Tarih yazdıklarını ve halkın her yerde barış için meydanlara çıktığını ifade eden Türk, 'Biz de halk olarak barışı savunuyoruz. O zaman 'niye sessiz ve suskun kalıyorsunuz?' deme hakkına sahibiz. 30 yıldan beri büyük acıların yaşandığı bir dönemi yaşadık. Artık bu kanın durması için herkes bu kan akmasın analarımızın gözyaşları dinsin diyor. Biz bunun için büyük projelerle yola çıktık. Sesleniyoruz sayın Başbakan ve Cumhurbaşkanına bu halkın barış sesini dinleyin adam olun adam olun diyoruz. Bu kanın durması için yaratığımız olan bu fırsatı değerlendirmezseniz. Bu kanın günahı da vebali de sizin boynunuza olacak bunu çok yi bilin. Bunu artık bütün dünya biliyor' diye konuştu.

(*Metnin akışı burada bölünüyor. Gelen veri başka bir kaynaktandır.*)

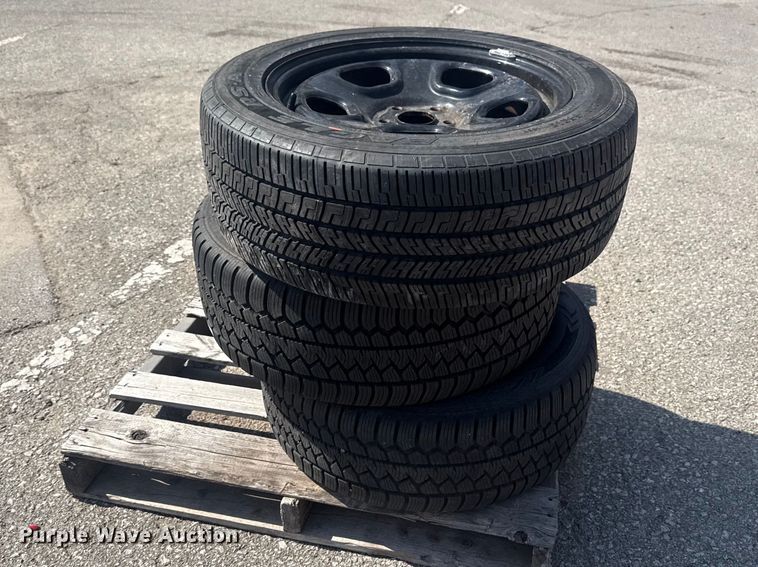 image for item FB8749 (4) Goodyear Eagle tires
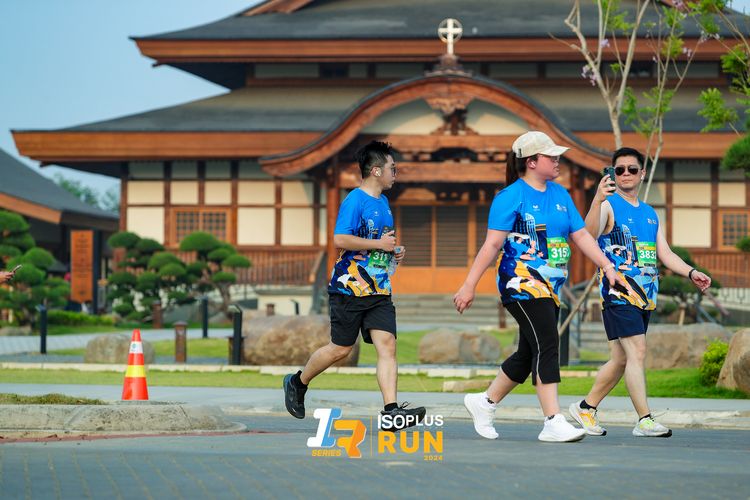 Race photo from ISOPlus Run 2024 Jakarta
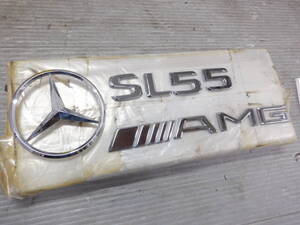 送料無料 H19年 ベンツ R230 SL550 CBA-230471 左H AMG SL55 エンブレム ※訳あり メーカー不明 一部ヒビあり /0【6-25710】87451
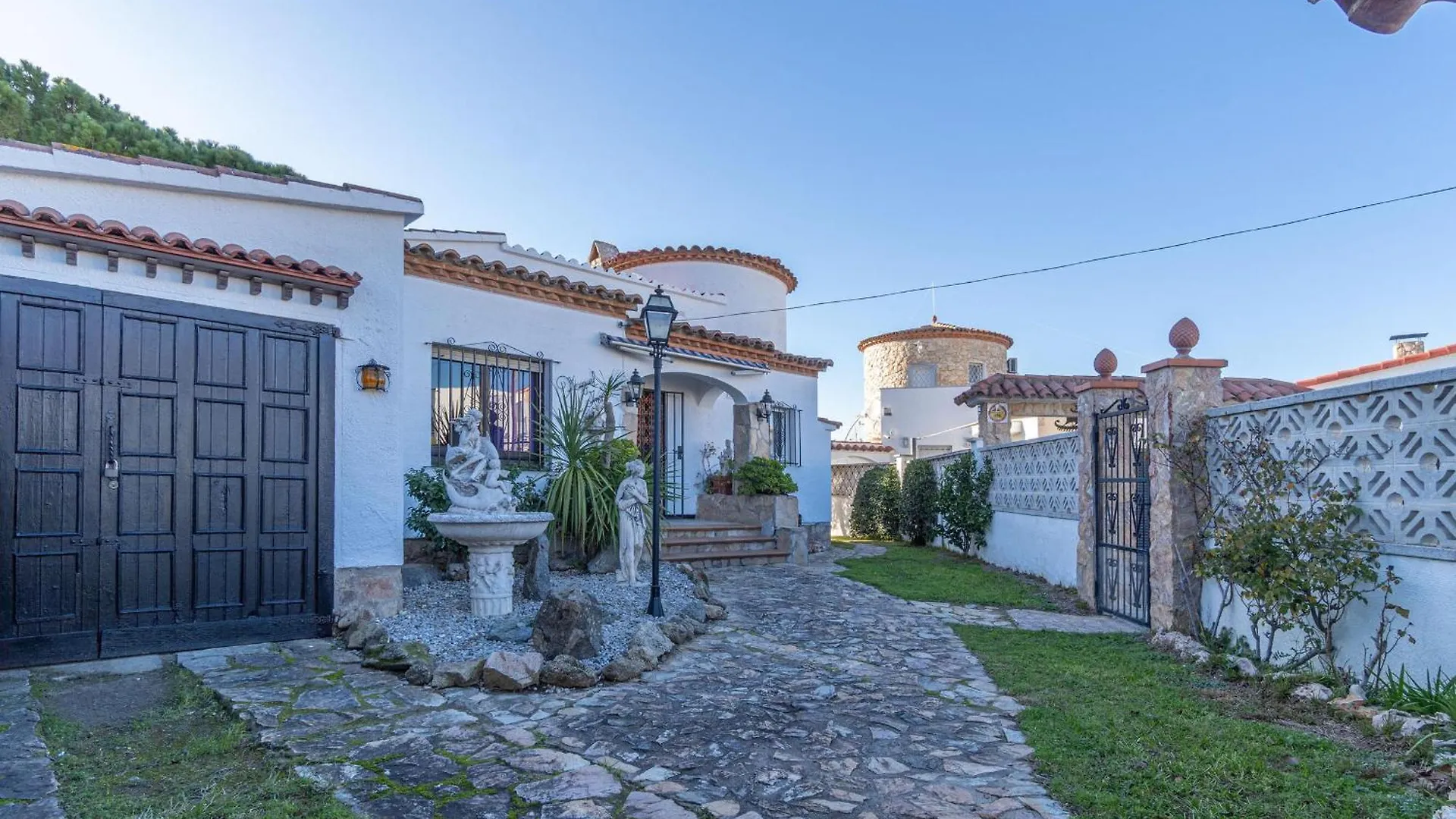 Holiday home Casa Con Piscina, Gran Amarre Y 4 Dormitorios En Castello D'Empuries - Hisp-288-53 Empuriabrava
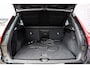 Volvo XC40 Plug-in hybrid T4 Plus Dark | Panoramadak | Harman Kardon audio | Elektrische stoelverstelling | Getint glas | Navigatie | Apple Carplay / Android Auto | Achteruitrijcamera | Parkeersensoren voor + achter | Stoel- en stuurverwarming |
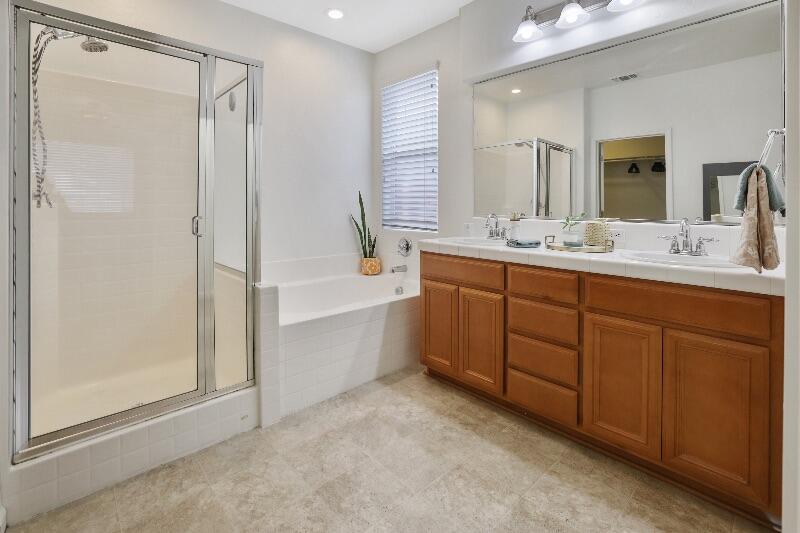 1439 N Mendonca St, Visalia, CA 93291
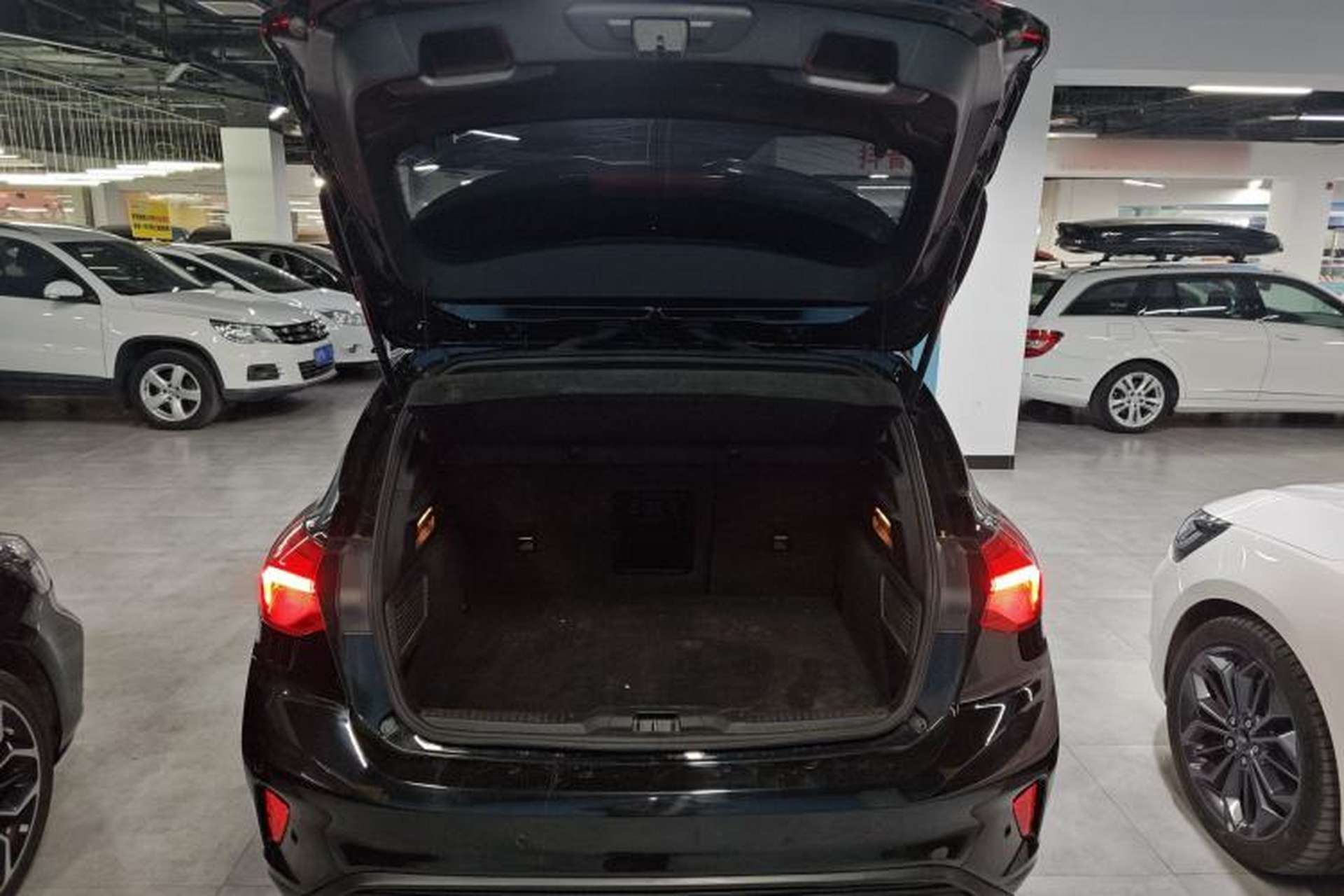 Used Ford Focus 2021 Hatchback EcoBoost 180 Automatic ST Line Trunk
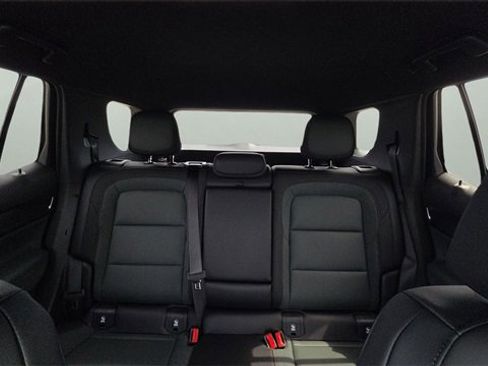 New 2026 GMC Terrain AT4 w/ LPO, Floor Liner Package image 15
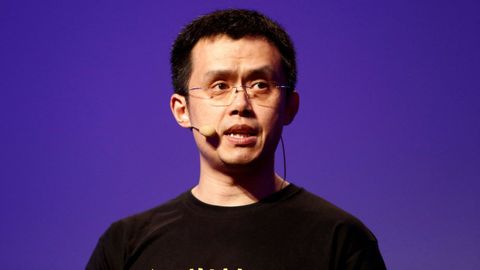 CHANGPENG ZHAO. El consejero delegado y fundador de Binance (el mayor exchange de criptomonedas del mundo) es ya el millonario que ms prdidas arrastra este ao. La cada de las criptodivisas le ha provocado un agujero en su cartera de 85.600 millones de dlares (unos 82.170 millones de euros). Su fortuna todava est estimada en unos 10.200 millones de dlares (algo ms de 9.700 millones de euros).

'Çözümü istemeyen devlettir'

Kürtlerin demokratik haklar konusundaki taleplerini 'terörize' ederek dünya sunmaya çalıştıklarına dikkat çeken Türk, 'Kürt halkını terörist ilan ettiler. Tüm dünyaya sesleniyorum. Herkes barış için hazır. Çözmek istemeyenleri kandan besleyenlere ne diyecek bunu demek isteyeceğiz. Herkesin artık bazı şeyleri anlaması gerekir. Bugüne kadar çözümsüzlüğün kaynağını Kürtler olarak dünyaya göstermeye çalıştılar ama bugün anlaşıldı ki asıl barış istemeyen çözüm istemeyen devletin ta kendisidir. Artık yavaş yavaş ortaya çıkıyor. Bundan sonra hiç kimse Kürtlere terörist diyemez. Bir çatışmasızlık süreci yaşandı bugün 15 Temmuz'da yeniden birilerinin düşünmesi için kanın durması için 1 Eylül'e kadar ateşkes ilan etti. Bütün atılan adımları görmemezlikten gelirseniz yarın oğlu askerde olan Türk anası ve oğlu dağda gerilla olan Kürt anası yakanıza yapışacak. Buradan Tüm Türkiye'ye sesleniyorum medyaya sesleniyorum bu barışçıl sürece katkı sunun heba olmasın yazık olmasın' şeklinde konuştu.

Türk'ten STÖ'lere çağrı

Sivil toplum örgütleri ve sendikalara da seslenen Türk, 'Eylemler yapıyorsunuz oysa milyarlarca dolar bu savaşa gidiyor. Bunun için de barış için de eylem ve yürüyüş yapın. TÜSİAD'a MÜSİAD'a tüm iş çevrelerine sesleniyorum. İstikrarın sağlanması sermayenin tüm Türkiye'de yayılmasını istiyorsanız yoksulluğun ortadan kaldırılmasını istiyorsanız ey iş adamları gelin barış için çaba gösterin diyoruz. Ortaya koyacağınız çaba sermaeyenizi katlar. Gelin bu kutsal görevi yapın' diyerek konuşmasına son verdi. Türk'ün konuşması sık sık 'Öcalan' ve 'PKK halktır halk burada' sloganları ile kesilirken konuşmanın sonunda uzun süre alkışlar dinmedi.

'Diyalogdan kaçtılar'

Türk'ün konuşmasının ardından söz alan DTP Eşbaşkanı Emine Ayna ise PKK'nin barış adına çözüm adına demokrasi adına ilan ettiği eylemsizlik kararı sonucu meydanlara çıktıklarını ifade ederek, 'Çünkü diyalog kurmak istedik. Başbakanla görüşmek istedik, bu ülkenin Cumhurbaşkanı Kürt sorunu bu ülkenin en büyük sorunudur dediyse, Başbakanda niyetimiz iyidir dediyse bunun çözüm yöntemi diyalogdur dedik. Neler yapabileceğimizi özgürlükleri demokrasiyi nasıl geliştirebileceğimizi önce Başbakanla tartışalım dedik. Ancak hiçbir cevap alamadık. Diyalogdan kaçtılar, oysa barış ancak diyalogla mümkündür' dedi.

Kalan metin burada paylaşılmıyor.